WHAT THE TASK REQUIRES: Copy out the data in full and exactly, passing over the pictures.

Image-caption web data:
-*-*-

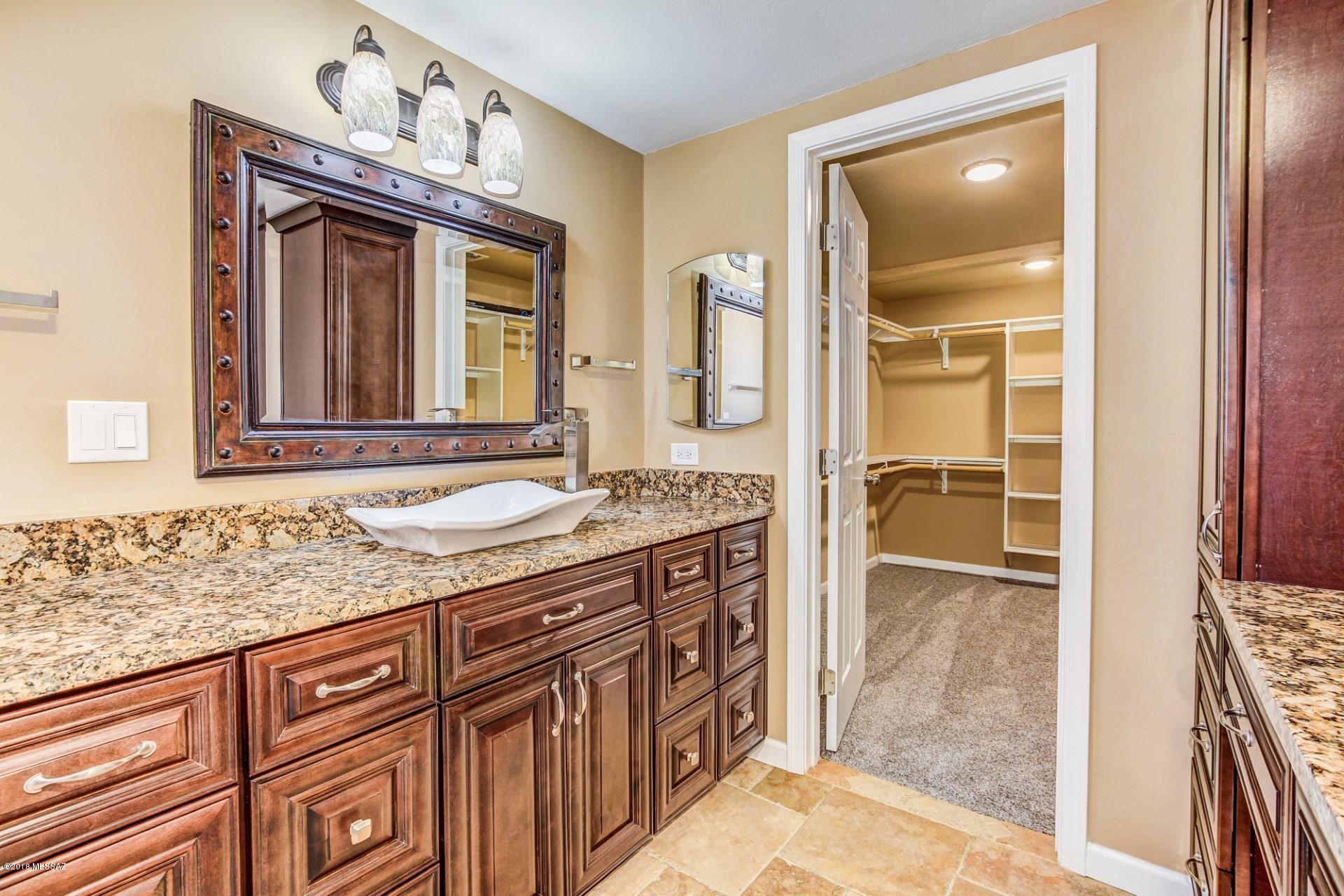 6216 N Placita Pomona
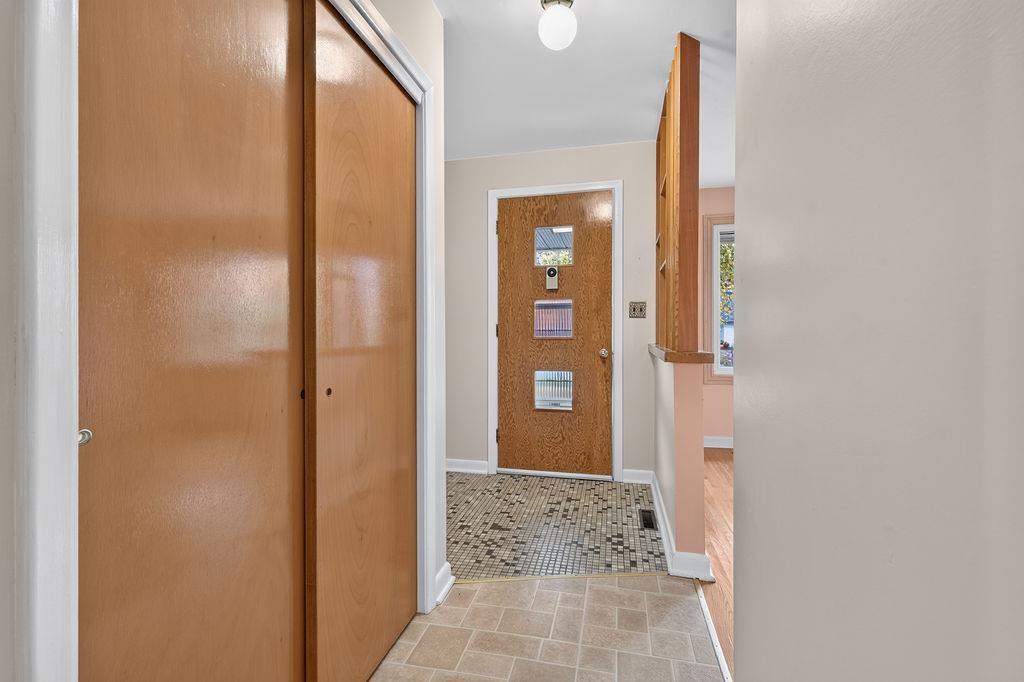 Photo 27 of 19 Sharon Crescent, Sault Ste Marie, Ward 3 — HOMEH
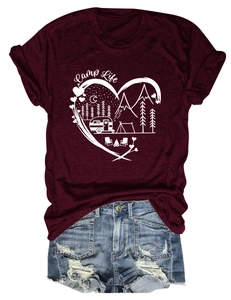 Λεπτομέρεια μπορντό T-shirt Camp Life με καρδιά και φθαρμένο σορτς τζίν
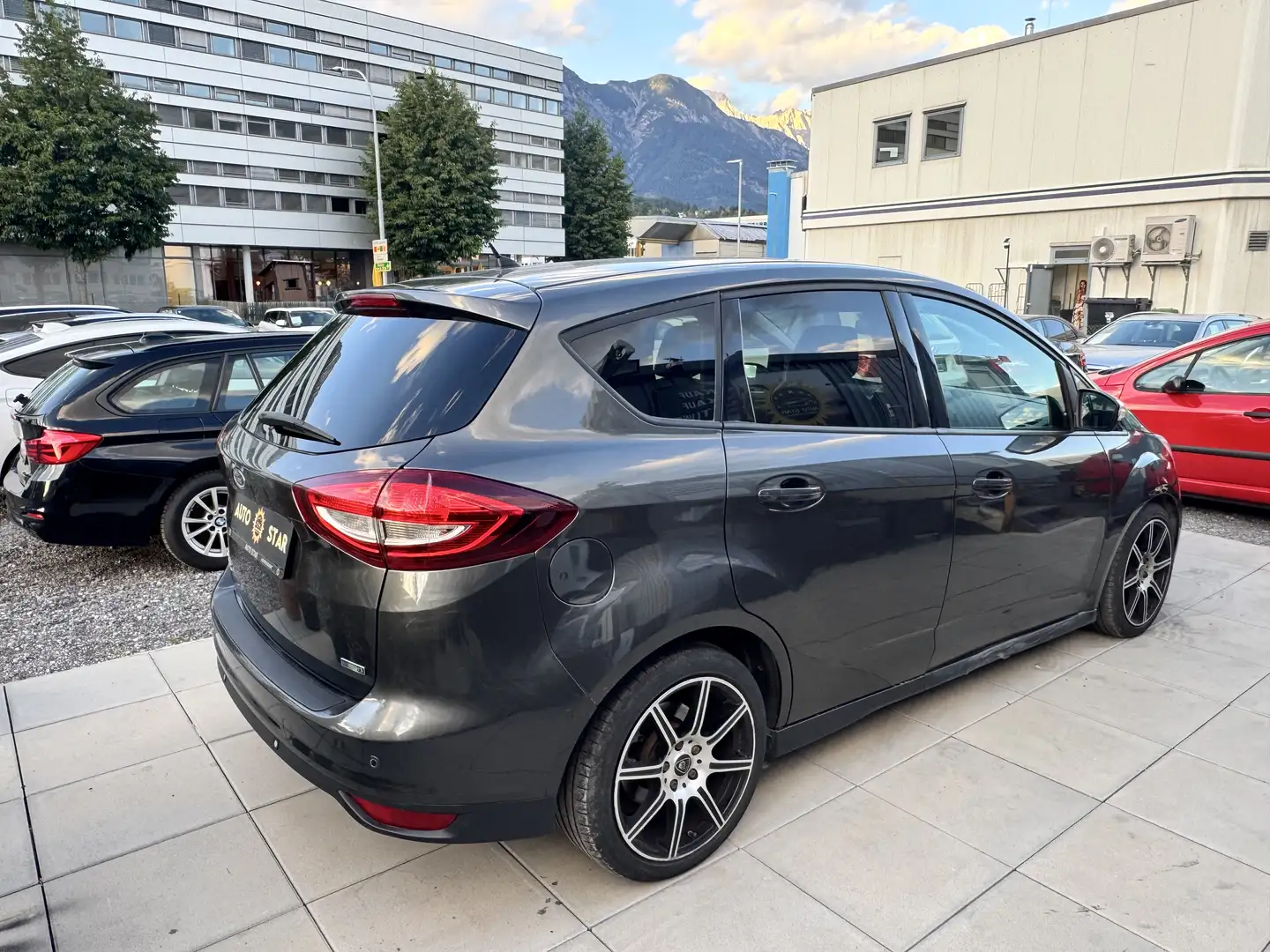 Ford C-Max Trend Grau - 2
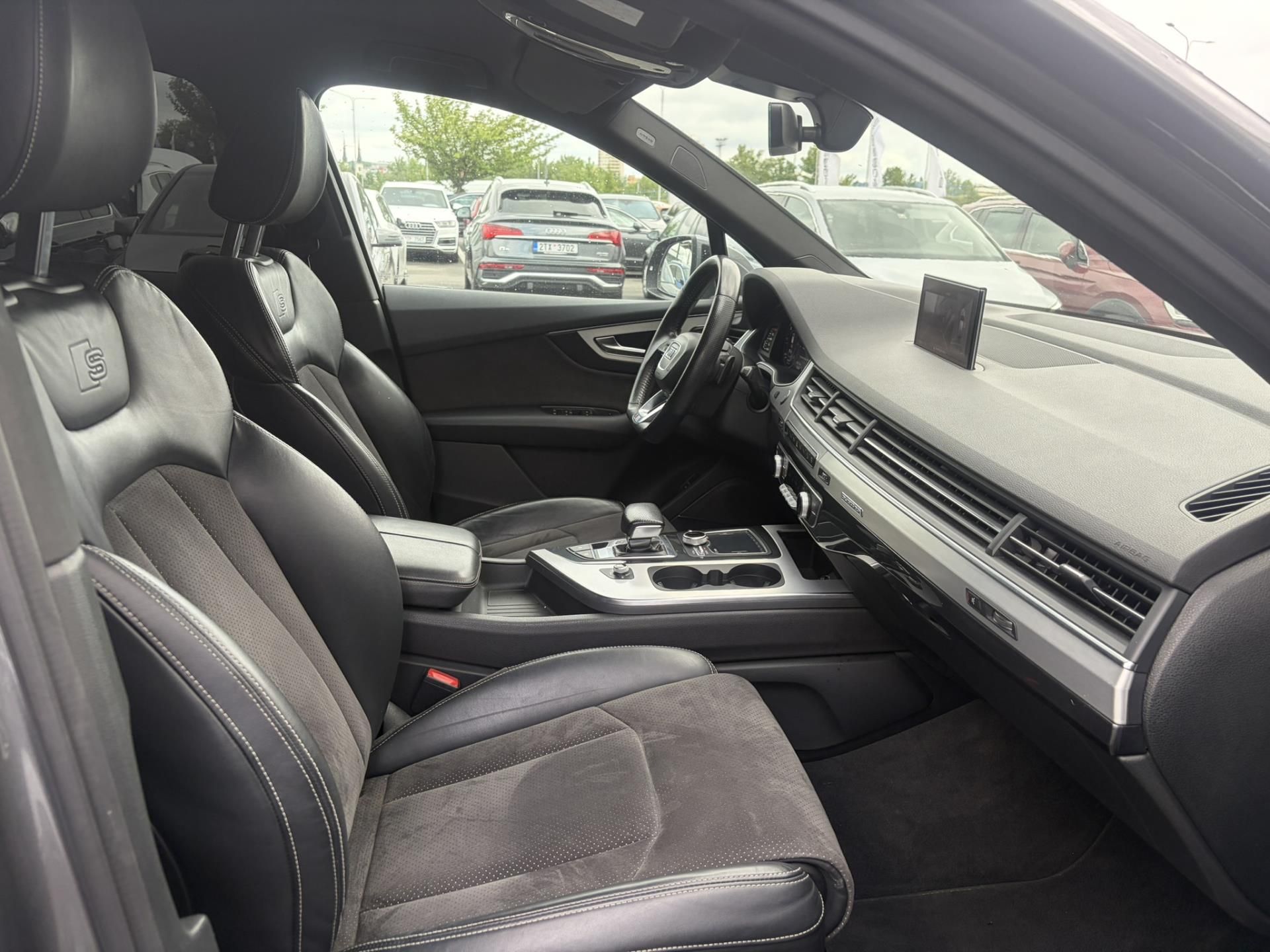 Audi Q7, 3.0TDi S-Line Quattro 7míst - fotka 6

-*-*-

RESULT OF THIS EXERCISE:
 6216 N Placita Pomona
 Photo 27 of 19 Sharon Crescent, Sault Ste Marie, Ward 3 — HOMEH
 Λεπτομέρεια μπορντό T-shirt Camp Life με καρδιά και φθαρμένο σορτς τζίν
 Ford C-Max Trend Grau - 2
 Audi Q7, 3.0TDi S-Line Quattro 7míst - fotka 6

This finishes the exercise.